December’s production of The Dumb Waiter could perhaps be branded a crowd-pleaser of sorts, but The Death of a Black Man, which opened in June, could not. Now we have a Tennessee Williams play, but not one of the ones people tend to know and certainty not one that people tend to like. Dismissed by both critics and audiences when it opened in 1967, The Two Character Play is one of his late works, written after the death of his life’s great love, in the midst of depression and alcoholism and drug abuse.
The result is predictably bleak, although that’s the only thing about it that’s predictable. It opens amidst what appears to be an anxiety dream. Two actors, siblings Clare (Kate O’Flynn) and Felice (Zubin Varla), are backstage at some ramshackle regional theatre, the curtain about to open on their latest play. The rest of the theatre company has abandoned them – “You and your sister are insane” reads the note – leaving the pair responsible for the sound and lighting as well as playing the roles of… Clare and Felice. Worse still, they don’t know the lines, the stage is only half built and the script isn’t finished.
Clare (the actor) is desperate to leave the theatre but her brother insists the show must go on, assuring her they can improvise the unfinished parts. She agrees on the condition she can make cuts on the fly, communicated by playing a C on the on-stage piano.
Just as Clare and Felice the actors are trapped on this nightmarish stage, Clare and Felice the characters are trapped in a nightmarish house in which their parents were killed in a murder/suicide. Both suffer from acute agoraphobia, their fragmented mental states mirroring those of the actors, who share the same dysfunctional co-reliance, veering from prickly intimacy to murderous hatred.
Director Sam Yates uses some devious methods to unsettle the audience. While the actors bicker about whether the play should go ahead, the theatre lights remain on, a fourth wall breaking trick recently used in the Almeida’s production of The Wild Duck.
Throughout the play O’Flynn and Varla flit between their English accents, used to play the actors, and an exaggerated southern drawl for the characters, although it becomes increasingly unclear which reality is being presented at any given time.

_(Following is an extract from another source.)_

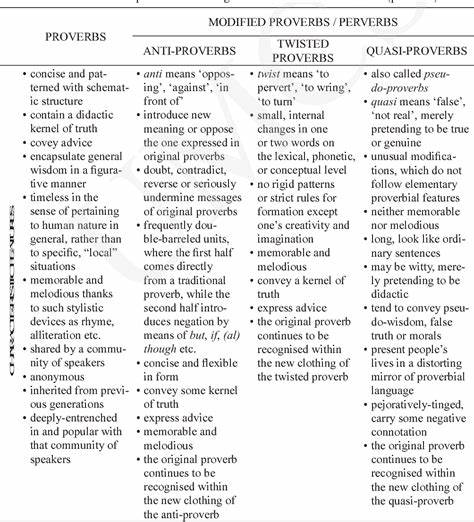 Anti-Proverbs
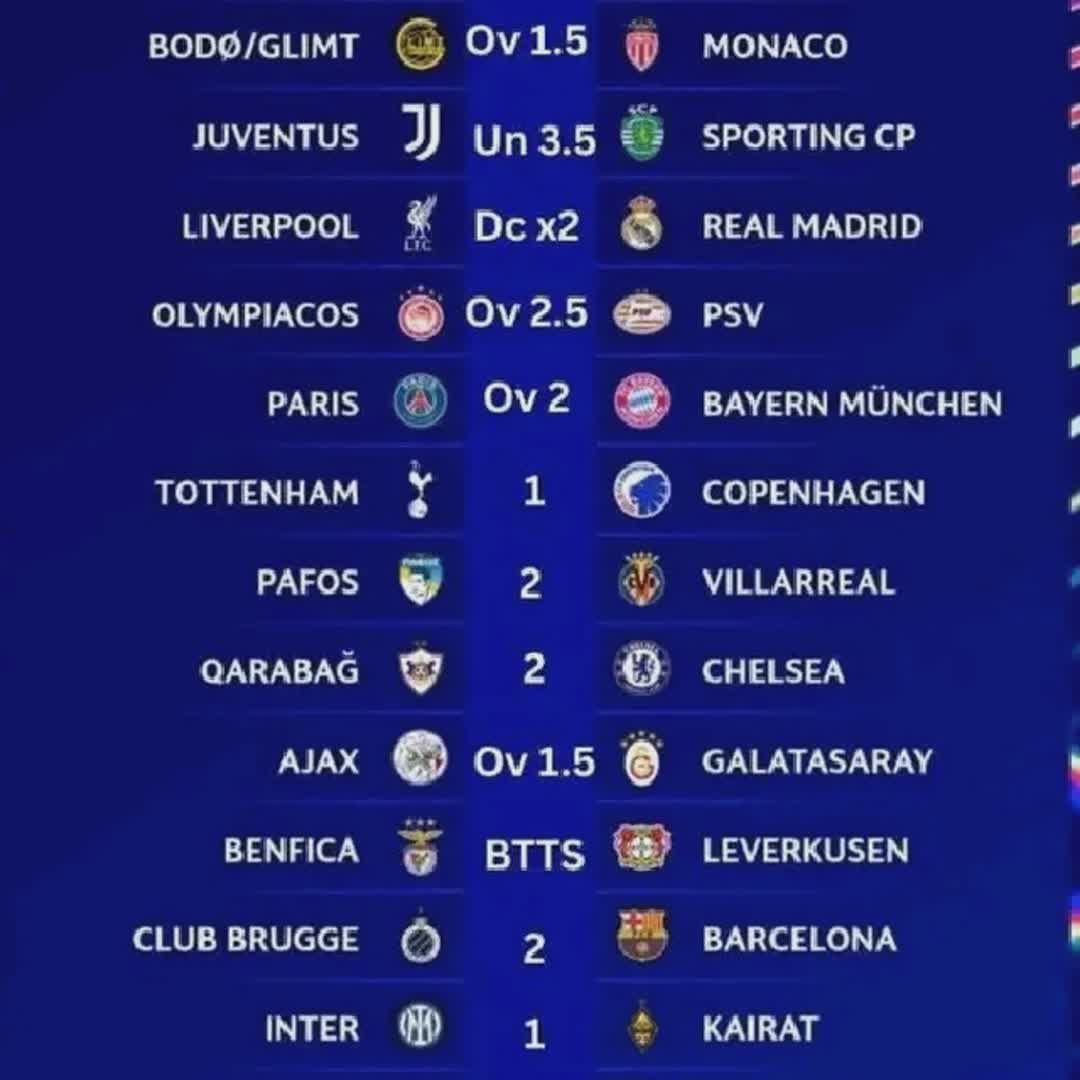 Post by Asogwa Jude Chikwado: Champion league predictions Let's go @gordanat2705 @adiscuhara @florescatherine626 @malikmokolade2019 @rockpop...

Clare’s propensity to hit that piano key each time the script goes in a direction she doesn’t like further disrupts any sense of narrative flow, with lines of dialogue ending mid-way through and conversations abruptly resetting. Adding to the surreal atmosphere is the use of live projection from an on-stage camera beamed onto the back wall, a technique beloved of superstar director Ivo van Hove, who I imagine would have an absolute field-day with this metatextual tangle of a play.
The uneasy humour of the early scenes, such as Clare’s dismay that the stairs she’s supposed to climb haven’t arrived, give way to something much darker. Heavily inspired by Williams’ relationship with his sister Rose, a schizophrenic who was lobotomised and spent her life in an institution, The Two Character Play is at its heart desperate a portrait of madness and despair, a reminder that we’re all of us trapped on our own little stages, struggling with life’s tape decks and lighting rigs and missing staircases in an attempt to hold it all together.
It’s not the finest of Williams’ plays, even if it was one he held dearly. With its navel-gazing fascination with acting and the act of creation, it has the air of an early play rather than a late one. But O’Flynn and Varla sell both of their roles brilliantly and Yates’ direction, both deft and dramatic, lifts The Two Character Play from an interesting curio to a genuinely powerful piece of theatre.